Odds is a term used by poker players to define the mathematical expectation of a move in a game. Chances are usually indicated in the form of the ratio of the expected number of wins (completed events) to the number of losses (not committed events), for example, 1:4, we will use this format below (it is possible to write 1/4). Sometimes the inverse proportion is also used – odds against improvement, that is, the ratio of losses to wins is 4:1. Chances can be translated into the probability of an event occurring using the formula: number of wins / (number of wins + number of losses). Thus, the odds of 1:4 correspond to the probability of 1/(1+4)=1/5.
To determine the chances of improvement, the player usually counts the number of ends (they are outs from the English outs) – cards that will improve the hand to a winning one. For example, the player has K♥ 8♥, and on the table A♥ J♥ 4♣ 7♣. It is easy to see that the only way to win in such a situation is to hit the hearts on the river (we assume that one of the opponents has an ace). We see six cards out of 52 in the deck, and we see four hearts out of 13. That is, in the deck, the remaining 52-6=46 cards account for 13-4=9 hearts. Thus the player has 9 ends, and the chances of improving are 9:(46-9)=9:37, or about 1:4. The probability of improvement is 9/46=19.6%. There are simple tables that show the odds of improving on hitting one or two cards (i.e. for the turn and river) for every possible number of ends.
At each stage of the game, when choosing the optimal action, the player evaluates the chances. The action decision is often made based on a comparison between a player’s chances of improving and the pot odds, most often when deciding whether to call an opponent’s bet with a hand that needs improvement. Pot odds – the ratio of the bet to the current pot. Let’s continue the previous example: if there was $40 in the pot by the turn, and the opponent bets $10 in front of you, then the total value of the pot is $50, and you need to bet $10, that is, pot odds are 10:50=1:5. If the pot odds are less than the chances of improvement, then it is better to call the bet (in our case, the odds of improving 1:4 are greater than the odds of the pot 1:5 – call), if the chances of improving are less, it is worth folding. This rule can be easily checked mathematically: we bet $10, in four cases we will lose this $10, which will give us -$40, but once we will hit the flush and win, which will give us +$50. On average, over five games, we will win $10 – that is, the call is profitable for us (in the case of a fold, our result is zero, that is, it is less profitable).
In our example, we assumed that any heart would give us a high flush and we would win the hand, since our opponent only had a pair of aces. But let’s imagine another situation – the opponent has an ace set. The flush still hits a set, but imagine a situation where the river is a four or seven of hearts. We have a flush, but our opponent has a full house and still wins. If you think that there are some cards that will help you improve, but at the same time they will improve your opponent and not allow you to win, then you should not count such cards as your ends (such ends are called dummy ends). In this case, we do not count four and seven hearts as ends, and our number of ends is reduced to seven. The process of reducing the ends, which help not only us, but also opponents, is called discounting.
In practice, we cannot know exactly the opponent’s current cards, so we make an assumption about his hand with some probability. For example, if we consider our opponent to have a 50% chance of a set, in this case we discount our original 9 ends to 9-2*0.5% and get 8 ends. Accordingly, the discounted odds are 8:38 or 1:4.75, which is still greater than the pot odds of 1:5, so our decision to call remains unchanged. If you believe that some of your ends are fictitious, then you need to calculate and use the discounted odds of improvement.

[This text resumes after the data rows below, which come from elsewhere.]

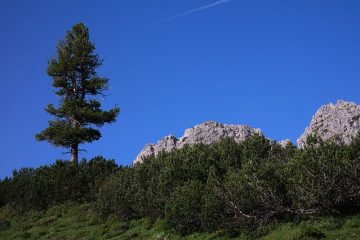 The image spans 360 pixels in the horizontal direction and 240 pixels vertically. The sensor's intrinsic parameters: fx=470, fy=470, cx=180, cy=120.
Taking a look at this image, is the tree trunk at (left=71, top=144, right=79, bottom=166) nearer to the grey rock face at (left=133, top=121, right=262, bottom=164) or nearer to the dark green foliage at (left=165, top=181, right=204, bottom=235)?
the grey rock face at (left=133, top=121, right=262, bottom=164)

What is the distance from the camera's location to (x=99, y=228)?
27797 mm

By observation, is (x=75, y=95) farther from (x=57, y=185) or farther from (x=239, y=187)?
(x=239, y=187)

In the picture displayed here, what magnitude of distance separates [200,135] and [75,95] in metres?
16.1

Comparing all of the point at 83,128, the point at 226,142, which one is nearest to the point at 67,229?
the point at 226,142

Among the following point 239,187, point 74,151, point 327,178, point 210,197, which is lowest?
point 327,178

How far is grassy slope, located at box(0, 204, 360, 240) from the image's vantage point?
A: 18.3m

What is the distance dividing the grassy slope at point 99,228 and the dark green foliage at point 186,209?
0.62 m

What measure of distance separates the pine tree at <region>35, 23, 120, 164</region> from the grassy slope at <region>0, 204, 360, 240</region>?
8785 mm

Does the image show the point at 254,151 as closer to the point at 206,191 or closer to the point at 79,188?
the point at 206,191

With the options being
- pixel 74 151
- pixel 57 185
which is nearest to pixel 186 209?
pixel 57 185

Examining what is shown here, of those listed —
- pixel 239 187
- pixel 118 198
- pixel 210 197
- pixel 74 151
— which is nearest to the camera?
pixel 239 187

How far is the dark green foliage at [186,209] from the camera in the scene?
22531 mm

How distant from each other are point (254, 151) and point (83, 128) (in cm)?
2209

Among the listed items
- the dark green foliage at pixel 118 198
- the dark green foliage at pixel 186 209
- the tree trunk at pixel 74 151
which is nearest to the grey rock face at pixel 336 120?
the dark green foliage at pixel 118 198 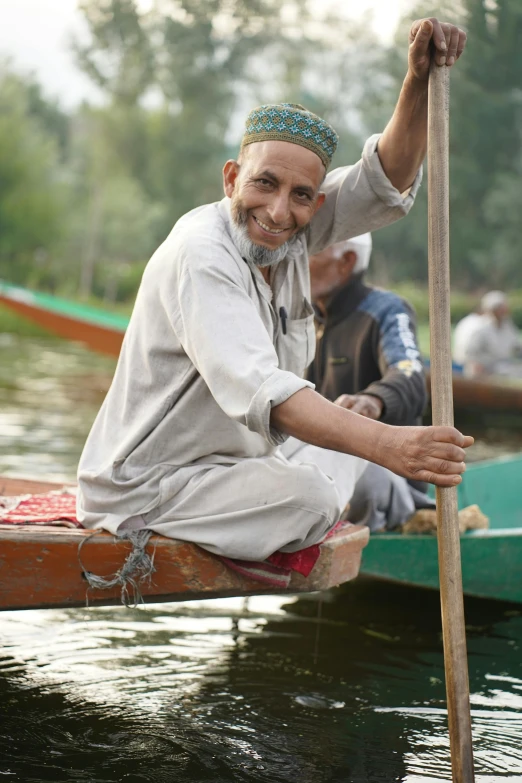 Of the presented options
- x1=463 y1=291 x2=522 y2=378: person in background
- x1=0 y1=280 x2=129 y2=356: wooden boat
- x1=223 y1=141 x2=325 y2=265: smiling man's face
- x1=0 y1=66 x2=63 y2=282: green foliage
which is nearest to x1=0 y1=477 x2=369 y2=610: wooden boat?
x1=223 y1=141 x2=325 y2=265: smiling man's face

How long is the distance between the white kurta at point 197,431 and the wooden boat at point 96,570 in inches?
2.5

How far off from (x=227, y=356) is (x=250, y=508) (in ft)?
1.45

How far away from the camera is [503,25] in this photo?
81.6 feet

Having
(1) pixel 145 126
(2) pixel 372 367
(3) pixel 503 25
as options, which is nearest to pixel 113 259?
(1) pixel 145 126

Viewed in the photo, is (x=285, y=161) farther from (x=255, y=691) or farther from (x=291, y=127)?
(x=255, y=691)

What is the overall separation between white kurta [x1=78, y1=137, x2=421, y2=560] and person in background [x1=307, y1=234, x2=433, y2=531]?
127cm

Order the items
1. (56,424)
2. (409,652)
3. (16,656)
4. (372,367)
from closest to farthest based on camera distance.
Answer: (16,656), (409,652), (372,367), (56,424)

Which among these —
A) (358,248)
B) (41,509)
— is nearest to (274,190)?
(41,509)

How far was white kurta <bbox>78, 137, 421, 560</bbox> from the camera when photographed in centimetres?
238

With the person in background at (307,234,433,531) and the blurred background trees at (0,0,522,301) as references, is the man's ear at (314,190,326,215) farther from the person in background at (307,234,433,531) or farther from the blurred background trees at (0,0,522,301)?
the blurred background trees at (0,0,522,301)

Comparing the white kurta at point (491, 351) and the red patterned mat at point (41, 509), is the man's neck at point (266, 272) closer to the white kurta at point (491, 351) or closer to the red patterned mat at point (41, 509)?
the red patterned mat at point (41, 509)

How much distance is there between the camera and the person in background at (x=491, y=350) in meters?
11.7

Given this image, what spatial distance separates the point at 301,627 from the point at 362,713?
0.83 metres

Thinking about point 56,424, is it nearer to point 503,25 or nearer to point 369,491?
point 369,491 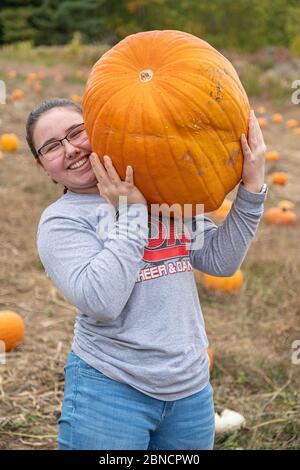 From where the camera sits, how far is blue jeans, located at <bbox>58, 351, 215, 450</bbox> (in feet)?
6.56

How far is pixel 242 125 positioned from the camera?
6.78 ft

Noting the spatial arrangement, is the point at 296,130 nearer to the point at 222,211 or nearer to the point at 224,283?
the point at 222,211

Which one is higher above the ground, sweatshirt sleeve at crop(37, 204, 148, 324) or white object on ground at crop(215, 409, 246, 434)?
sweatshirt sleeve at crop(37, 204, 148, 324)

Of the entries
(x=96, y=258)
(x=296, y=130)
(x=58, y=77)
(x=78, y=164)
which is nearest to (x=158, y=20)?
(x=58, y=77)

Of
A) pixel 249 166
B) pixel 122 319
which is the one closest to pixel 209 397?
pixel 122 319

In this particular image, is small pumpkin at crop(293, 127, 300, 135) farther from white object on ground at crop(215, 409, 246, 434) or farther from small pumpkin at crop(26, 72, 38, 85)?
white object on ground at crop(215, 409, 246, 434)

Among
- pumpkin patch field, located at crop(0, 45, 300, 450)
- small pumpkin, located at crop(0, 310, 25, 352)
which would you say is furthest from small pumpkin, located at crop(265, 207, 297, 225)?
small pumpkin, located at crop(0, 310, 25, 352)

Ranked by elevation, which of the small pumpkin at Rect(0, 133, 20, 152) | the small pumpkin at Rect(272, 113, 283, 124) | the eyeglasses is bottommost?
the eyeglasses

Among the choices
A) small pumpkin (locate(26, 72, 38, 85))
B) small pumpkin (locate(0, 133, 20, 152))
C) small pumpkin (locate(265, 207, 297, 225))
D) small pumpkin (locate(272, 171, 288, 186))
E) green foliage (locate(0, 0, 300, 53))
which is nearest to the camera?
small pumpkin (locate(265, 207, 297, 225))

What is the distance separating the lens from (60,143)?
7.04ft

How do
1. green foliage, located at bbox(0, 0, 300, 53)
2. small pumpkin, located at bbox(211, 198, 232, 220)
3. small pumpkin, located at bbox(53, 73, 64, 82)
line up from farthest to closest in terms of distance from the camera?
green foliage, located at bbox(0, 0, 300, 53), small pumpkin, located at bbox(53, 73, 64, 82), small pumpkin, located at bbox(211, 198, 232, 220)

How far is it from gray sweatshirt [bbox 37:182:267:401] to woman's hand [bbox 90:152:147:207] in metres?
0.04

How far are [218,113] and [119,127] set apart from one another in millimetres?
301

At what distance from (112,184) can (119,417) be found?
705 millimetres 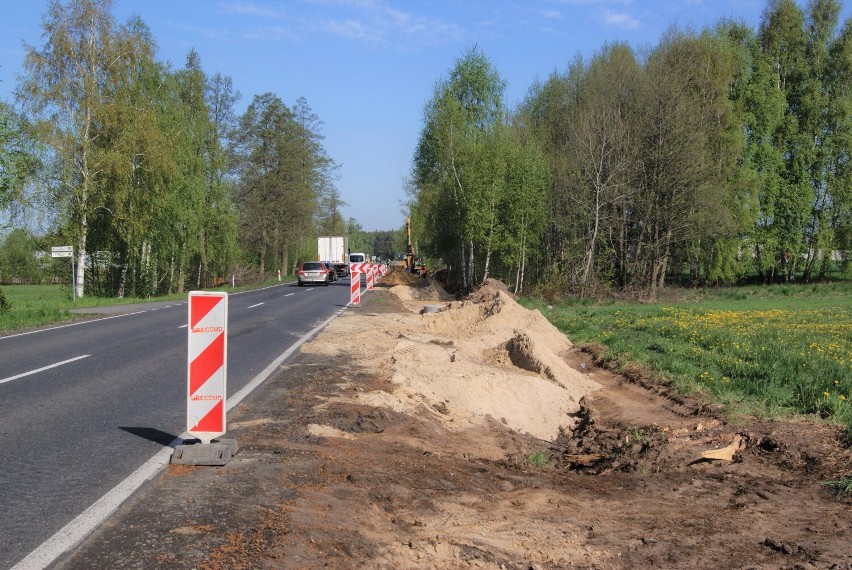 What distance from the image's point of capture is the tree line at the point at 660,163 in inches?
1384

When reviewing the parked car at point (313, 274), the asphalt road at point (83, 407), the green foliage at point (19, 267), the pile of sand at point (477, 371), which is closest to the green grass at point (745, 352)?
the pile of sand at point (477, 371)

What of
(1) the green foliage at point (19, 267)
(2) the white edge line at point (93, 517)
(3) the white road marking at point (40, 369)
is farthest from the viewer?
(1) the green foliage at point (19, 267)

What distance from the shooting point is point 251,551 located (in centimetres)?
422

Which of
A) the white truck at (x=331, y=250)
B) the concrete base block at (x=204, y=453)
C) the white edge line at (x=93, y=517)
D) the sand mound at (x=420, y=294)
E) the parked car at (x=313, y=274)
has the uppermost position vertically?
the white truck at (x=331, y=250)

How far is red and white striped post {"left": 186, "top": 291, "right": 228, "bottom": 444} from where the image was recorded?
630 centimetres

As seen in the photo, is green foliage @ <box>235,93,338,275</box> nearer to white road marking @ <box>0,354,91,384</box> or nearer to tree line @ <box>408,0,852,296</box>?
tree line @ <box>408,0,852,296</box>

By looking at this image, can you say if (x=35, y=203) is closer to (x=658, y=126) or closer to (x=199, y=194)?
(x=199, y=194)

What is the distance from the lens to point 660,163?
34906 millimetres

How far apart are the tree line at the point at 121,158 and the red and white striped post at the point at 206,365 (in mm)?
20108

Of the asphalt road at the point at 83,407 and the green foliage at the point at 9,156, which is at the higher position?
the green foliage at the point at 9,156

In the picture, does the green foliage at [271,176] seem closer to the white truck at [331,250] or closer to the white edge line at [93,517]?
the white truck at [331,250]

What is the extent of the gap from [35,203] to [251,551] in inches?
1294

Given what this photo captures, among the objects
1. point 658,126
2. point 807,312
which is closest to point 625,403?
point 807,312

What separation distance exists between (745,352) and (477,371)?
527cm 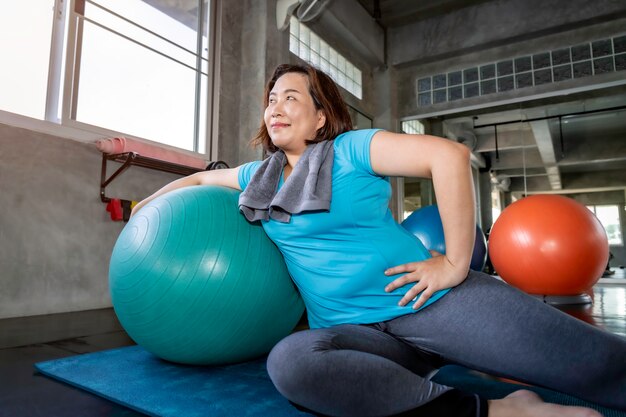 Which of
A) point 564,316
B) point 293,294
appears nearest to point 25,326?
point 293,294

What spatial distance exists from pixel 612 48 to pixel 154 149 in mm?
5120

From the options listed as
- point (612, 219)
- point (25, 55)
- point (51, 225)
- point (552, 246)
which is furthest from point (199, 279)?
point (612, 219)

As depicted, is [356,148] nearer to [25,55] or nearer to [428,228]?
[428,228]

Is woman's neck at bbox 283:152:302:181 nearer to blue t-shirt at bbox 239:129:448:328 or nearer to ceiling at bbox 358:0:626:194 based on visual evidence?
blue t-shirt at bbox 239:129:448:328

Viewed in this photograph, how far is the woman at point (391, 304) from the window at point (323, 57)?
11.6ft

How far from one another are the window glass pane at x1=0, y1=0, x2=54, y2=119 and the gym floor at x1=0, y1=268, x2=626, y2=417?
1298mm

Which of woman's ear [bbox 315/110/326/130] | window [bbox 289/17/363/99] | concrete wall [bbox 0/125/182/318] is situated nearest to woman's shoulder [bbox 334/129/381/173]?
woman's ear [bbox 315/110/326/130]

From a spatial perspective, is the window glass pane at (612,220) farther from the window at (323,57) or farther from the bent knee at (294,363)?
the bent knee at (294,363)

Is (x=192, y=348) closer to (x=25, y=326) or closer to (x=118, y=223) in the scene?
(x=25, y=326)

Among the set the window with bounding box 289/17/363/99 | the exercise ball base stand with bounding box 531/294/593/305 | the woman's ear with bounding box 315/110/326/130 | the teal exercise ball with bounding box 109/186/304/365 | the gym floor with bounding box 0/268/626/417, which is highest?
the window with bounding box 289/17/363/99

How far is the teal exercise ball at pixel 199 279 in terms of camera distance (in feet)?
3.81

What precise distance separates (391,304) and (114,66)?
2936mm

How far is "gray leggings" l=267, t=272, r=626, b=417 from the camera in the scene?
0.79 m

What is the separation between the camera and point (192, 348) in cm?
125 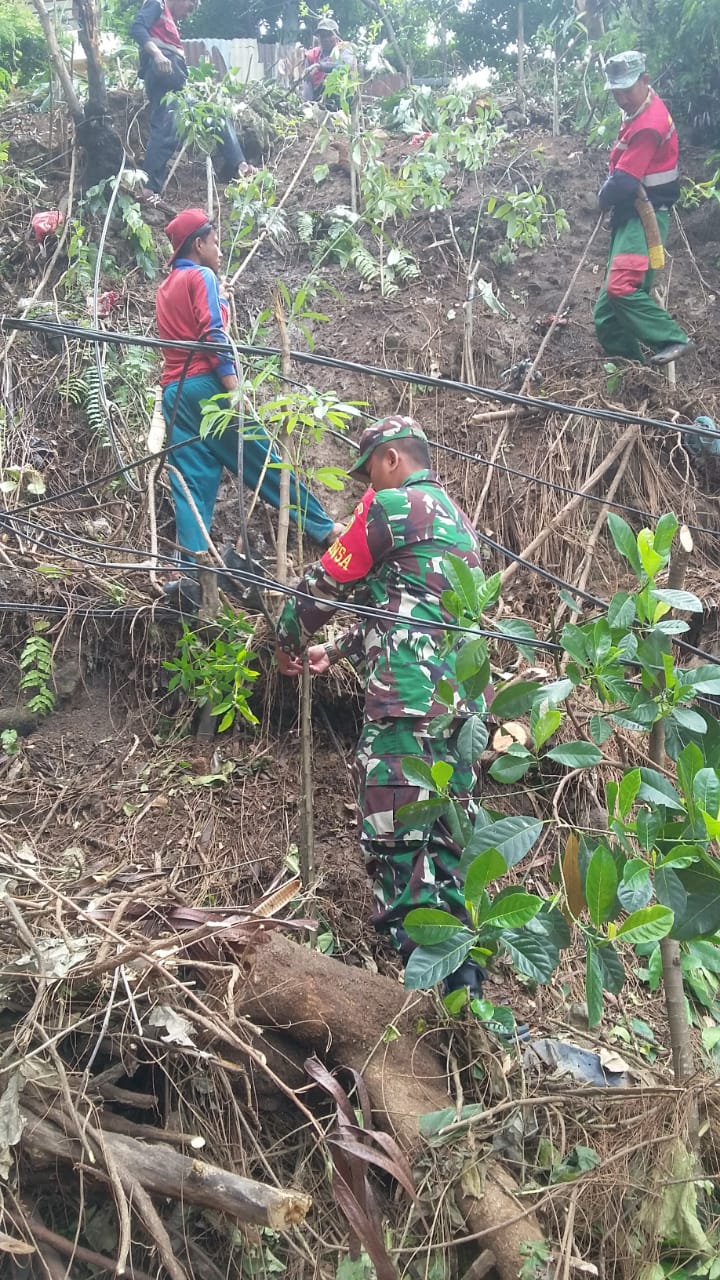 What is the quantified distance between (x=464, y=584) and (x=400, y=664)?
30.7 inches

Let’s continue with our example. We call a bet on the turn, if nothing comes to us, then we will fold without losing a dollar from above, but if we get a flush, then there is a chance that the enemy will bet on the river, we will raise, he will call, that is, we we will receive two additional bets ($20) from the opponent. Even if the heart scares him, he won’t bet, but will most likely call our bet, which will still give us an extra $10. If we consider that the probability of each of the options is 50%, then we get the odds of the pot 10: (50 + 20 * 0.5 + 10 * 0.5) = 1: 6.5. Another case is if there is another player behind us who will walk after us on the turn: there is a chance that he will raise the bet, in this case the pot odds will be $20:($40+$20+$20)=1:4 (assuming that the first player will call the raise; however, here we have not taken into account river bets yet).
Given the volume of additional bets that can be made in the current and subsequent rounds, we can calculate implied pot odds. Accordingly, it will be correct to compare the discounted odds with the implied odds of the bank.
In making a decision in the general case, the following procedure can be recommended:
This sequence looks complicated, but, fortunately, in most cases the decisions are quite obvious, and as players grow in experience, even in difficult situations, players can make fairly accurate decisions.